Thryptomene duplicata
- Conservation status: Priority One — Poorly Known Taxa (DEC)

Scientific classification
- Kingdom: Plantae
- Clade: Tracheophytes
- Clade: Angiosperms
- Clade: Eudicots
- Clade: Rosids
- Order: Myrtales
- Family: Myrtaceae
- Genus: Thryptomene
- Species: T. duplicata
- Binomial name: Thryptomene duplicata Rye & Trudgen

= Thryptomene duplicata =

- Genus: Thryptomene
- Species: duplicata
- Authority: Rye & Trudgen
- Conservation status: P1

Species of shrub

Thryptomene duplicata is a species of flowering plant in the family Myrtaceae and is endemic to Western Australia. It is a spreading shrub with upward pointing, egg-shaped leaves with the narrower end towards the base, and white flowers with five petals and about fifteen stamens in two whorls.

==Description==
Thryptomene duplicata is a spreading shrub that typically grows to about 0.8 m high and 2 m wide. Its leaves are pointed upwards, overlapping each other and egg-shaped with the narrower end towards the base, about 2.6 mm long and 2.5–3.5 mm wide on a petiole up to 1.0 mm long. The flowers are arranged in pairs or threes on peduncles 0.7–1.4 mm long with egg-shaped bracteoles about 2 mm long that persist until the fruit falls. The flowers are about 6 mm in diameter with egg-shaped sepals about 1.4 mm long, with the narrower end towards the base. The petals are white, about 2 mm long with minute teeth on the edges, and there are about fifteen stamens arranged in two whorls.

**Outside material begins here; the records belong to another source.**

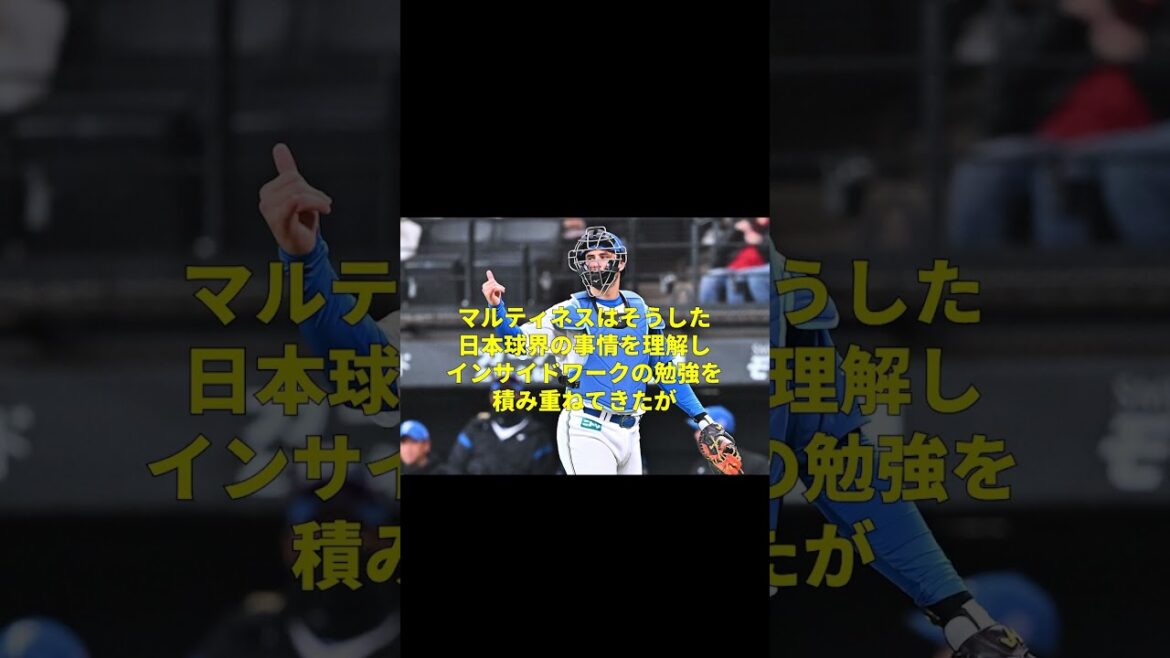 日本ハムに流出危機迫る！！マルティネスが「捕手をやらせてくれ」どうする新庄監督！？#日本ハムファイターズ #新庄監督 #マルティネス #short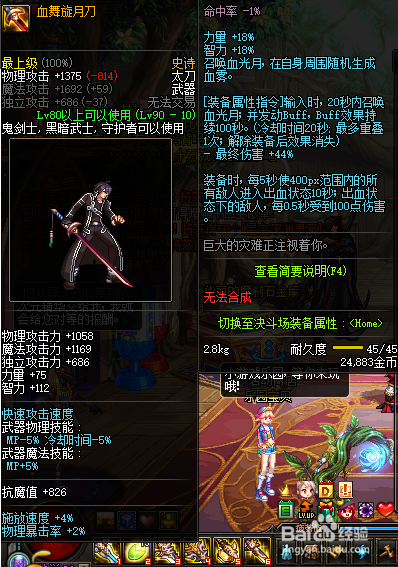 dnf有哪些史诗太刀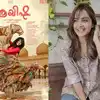Ayisha Movie Shooting Finished,മഞ്ജു വാര്യര്‍ നായികയാകുന്ന 'ആയിഷ ...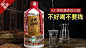 广告素材搜索 - App Growing - 有米云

Flowering occurs around December.

==Taxonomy==
Thryptomene duplicata was first formally described in 2001 by Barbara Lynette Rye and Malcolm Eric Trudgen in the journal Nuytsia from specimens collected by Trudgen near Binnu in 1993. The specific epithet (duplicata) means "doubled", referring to the number of stamens compared to that of other thryptomenes.

==Distribution and habitat==
This thryptomene is only known from a single population near Binnu where it grows in sandy soil in open shrubland.

==Conservation status==
Thryptomene duplicata is classified as "Priority One" by the Government of Western Australia Department of Parks and Wildlife, meaning that it is known from only one or a few locations that are potentially at risk.